John Maynard Keynes was famous for the idea that in a liquidity trap where individuals and companies refused to spend or invest and hoarded cash, it was the responsibility of government to stimulate the economy by deficit spending. Keynes’ ideas have some merit in a situation where the government is not heavily indebted to begin with and where the economy is in a severe recession or the early stages of a recovery.
Keynes died in 1946, but his ideas lived on. The problem was that “deficit spending” became an all-purpose excuse for more government entitlements rather than the limited recession remedy Keynes envisioned. The U.S. has only had three modest surplus years in the past 50 years; the other 47 years were all deficits.
The U.S. national debt now stands at $21 trillion (not including guarantees and entitlement liabilities) and the debt-to-GDP ratio now stands at 106% (the highest since 1945). Worse yet, the U.S. is past the point where debt creates any growth at all. The U.S. is in a zone where more debt actually hurts growth and slows the economy, while the debt remains.
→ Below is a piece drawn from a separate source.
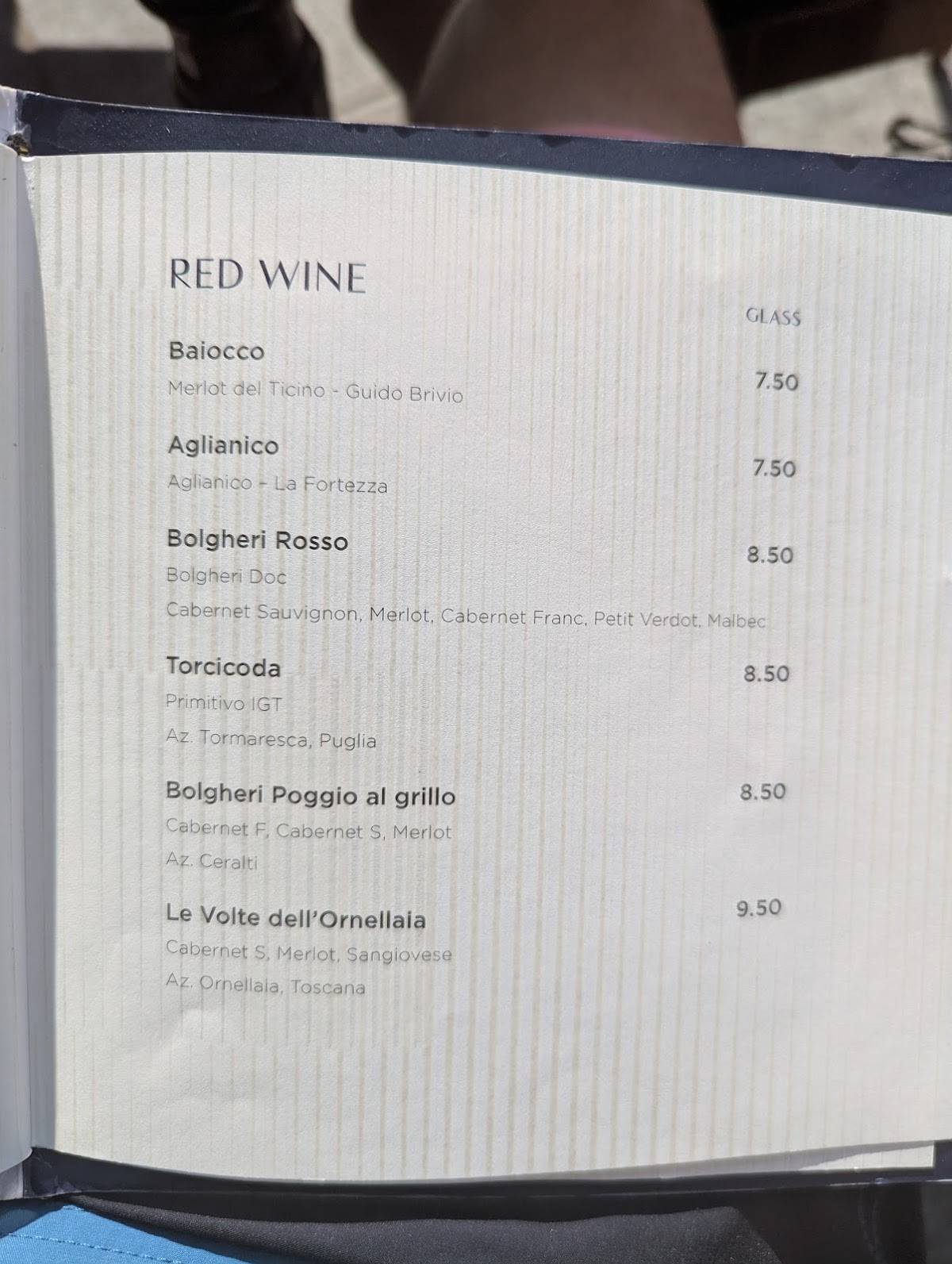 Menu di Bar Ristorante Olimpia 1845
This article reports on the return of $1 trillion annual deficits under Donald Trump for the first time since the early years of the Obama administration. Both Republicans and Democrats embrace crude versions of Keynes’ original ideas without regard to the fact that there is no stimulus in current conditions and additional debt risks a complete loss of confidence in the U.S. government’s finances and the role of the dollar.
If Keynes were alive today, he’d be the first one to object to such out-of-control spending and profligate debt levels. You can lodge your own objection by getting out of risky assets and into a combination of liquid assets and safe havens such as gold.